The CMC Now Controls the Tone of Xinhua’s Reports and Possibly Xi’s Speeches. It seems the CMC determines where Xi inspects the military and who accompanies him.
Mysterious Absence of the Central Theater Command Leaders
On October 17, during Xi’s inspection of a Rocket Force brigade in Anhui, CMC Vice Chairman Zhang Youxia, Rocket Force Commander Wang Houbin, Political Commissar Xu Xisheng, and new CMC Office Director Fang Yongxiang were present. However, Eastern Theater Command Commander Lin Xiangyang and Political Commissar Liu Qingsong were absent. Since the Rocket Force is directly under the CMC and not the Eastern Theater Command, Xi’s close allies in the Eastern Theater Command couldn’t be present.

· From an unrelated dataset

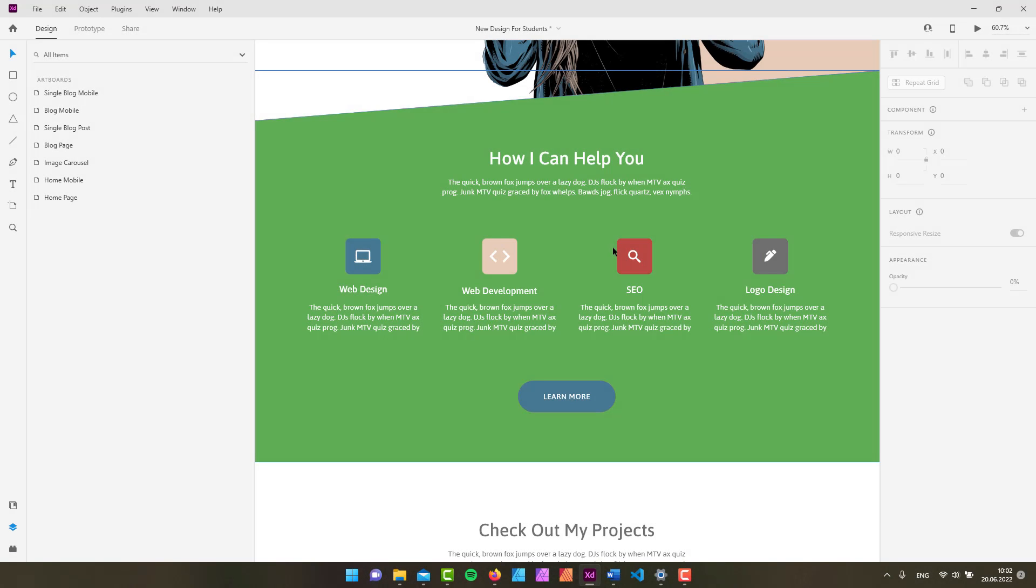Hey again, it's David again back to you with yet another design tutorial. In this one we're going to learn how to use the select tool in Adobe XD. So if that's something that you're interested in, just keep watching.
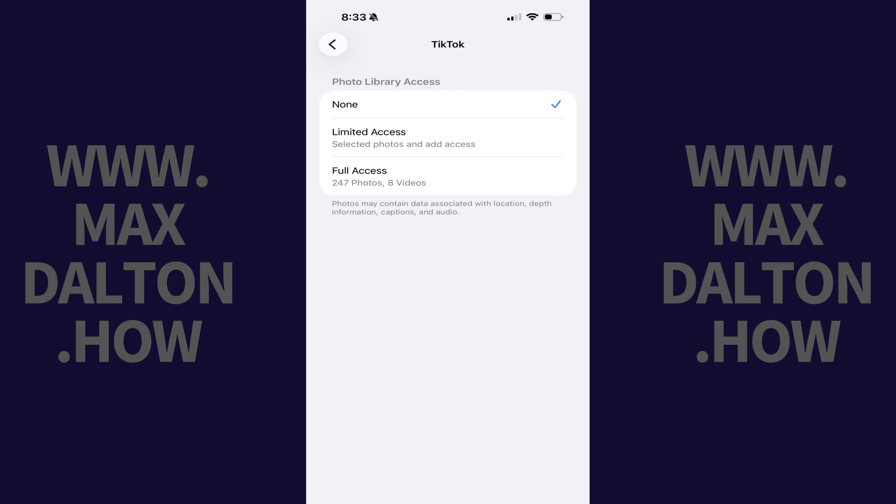Step 4: Tap to place a check mark next to either Limited Access if you only want to give TikTok access to specific photos, or tap Full Access if you want to give TikTok access to all of the photos in your photo library.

On November 4, when Xi inspected the Chinese Airborne Forces in Xiaogan, Hubei, the Air Force Commander Chang Dingqiu, Political Commissar Guo Puxiao, and CMC Office Director Fang Yongxiang accompanied him, but there was no sign of the Central Theater Command’s Commander or Political Commissar. Although Hubei is in the CCP’s Central Theater Command, the Airborne Forces are not under its command.
In a short period, Xi inspected the military twice, but both times it involved CMC-controlled units, not the various theater commands. This suggests the military indeed follows the CMC’s orders. After Xi’s military reforms, the five theater commands were re-divided, with an increase in the ranks of theater commanders. However, it seems that these have been curtailed by the CMC’s control, with the heads of the military branches appearing more prominently.

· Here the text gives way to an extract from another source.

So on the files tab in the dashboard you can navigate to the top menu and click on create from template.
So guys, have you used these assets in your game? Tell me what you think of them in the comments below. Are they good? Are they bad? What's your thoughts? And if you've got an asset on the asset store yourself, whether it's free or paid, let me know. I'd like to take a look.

During this inspection, the Central Theater Command’s leadership did not appear, and the identity of its Commander and Political Commissar remains a mystery. In August, the Central and Northern Theater Command leaders were reportedly swapped, with former Northern Theater Commander Wang Qiang becoming Central Theater Commander and former Central Theater Commander Huang Ming taking over the Northern Theater. However, checking the CCP’s Central Theater Command information on China’s Baidu Encyclopedia, the “Commander” column remains blank.
Additionally, former Central Theater Political Commissar Xu Deqing was reportedly transferred in September to become the CCP’s Army Political Commissar, replacing Qin Shutong, who was rumored to have fallen from grace. Therefore, the current Central Theater Command’s Commander and Political Commissar are still unknown. Xi inspected the military in the Central Theater Command’s area, but its Commander and Political Commissar didn’t appear, adding to the mysteries within the CCP military.
The CCP leader’s back-to-back inspections of the military in just over twenty days might indicate a desire to assert military authority. However, his recent speech unusually avoided mentioning military power. If this inspection was arranged by others, it could be the CCP’s attempt to conceal internal chaos, but the inspection locations and speech content suggest Xi is powerless.
Such odd phenomena only add to external speculation. The U.S. presidency is about to change hands, and the Zhongnanhai leadership seems preoccupied. The severe turmoil within the CCP is becoming impossible to hide.